Hommes de presse et éditeurs ont, à en juger par leurs dernières livraisons, l’inconstance en commun. Comme dans les rayons des librairies, les présentoirs des kiosques affichent des contenus très inégaux, certains se permettant même de dangereusement réactiver le mythe des 240 000 morts pour la France en titrant, faussement ingénus, sur « les Bretons: de chair à canon ? » (tout est dans le point d’interrogation). Là encore, sous couvert de vulgarisation à destination du plus grand public, le médiocre se révèle bien souvent être le support d’un discours politique. Or, si celui-ci est probablement très respectable (notre expertise en la matière est très limitée), force est d’admettre qu’il n’a pas à intervenir dans le champ historiographique, surtout lorsqu'il s'agit de contenus à destination de non-spécialistes, par définition peu aptes à déceler les partis pris des auteurs.
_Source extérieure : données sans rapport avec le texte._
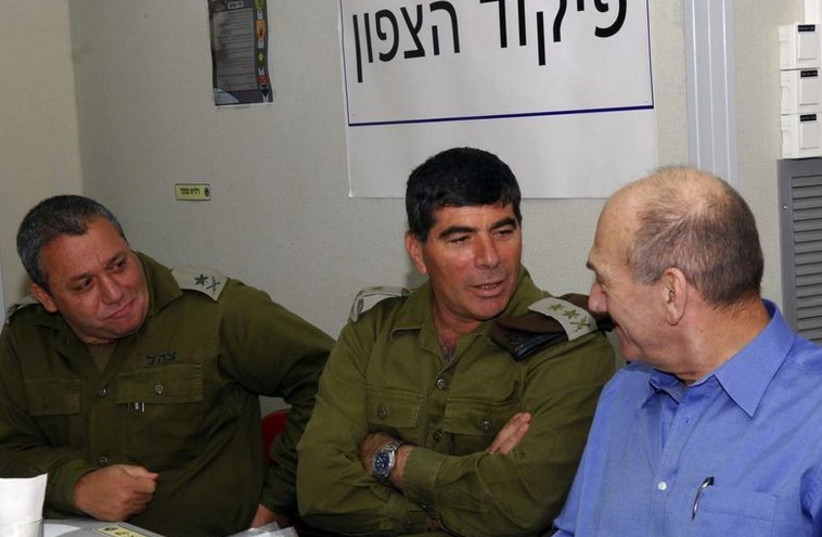 From left, Maj.-Gen. Gadi Eizenkot, former IDF chief of staff Gabi Ashkenazi, and former Prime Minister Ehud Olmert (photo credit: REUTERS)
Heureusement, loin de ces regrettables dérives, certains titres se démarquent par leur rigueur et proposent une vulgarisation de très grande qualité aux lecteurs désireux d’en savoir plus. C’est d’ailleurs sans surprise que l’on retrouve dans cette catégorie de presse la revue ArMen, publication de référence qui, depuis 1986, joue un immense rôle pour la diffusion de la connaissance de la Bretagne, ce « monde à découvrir ».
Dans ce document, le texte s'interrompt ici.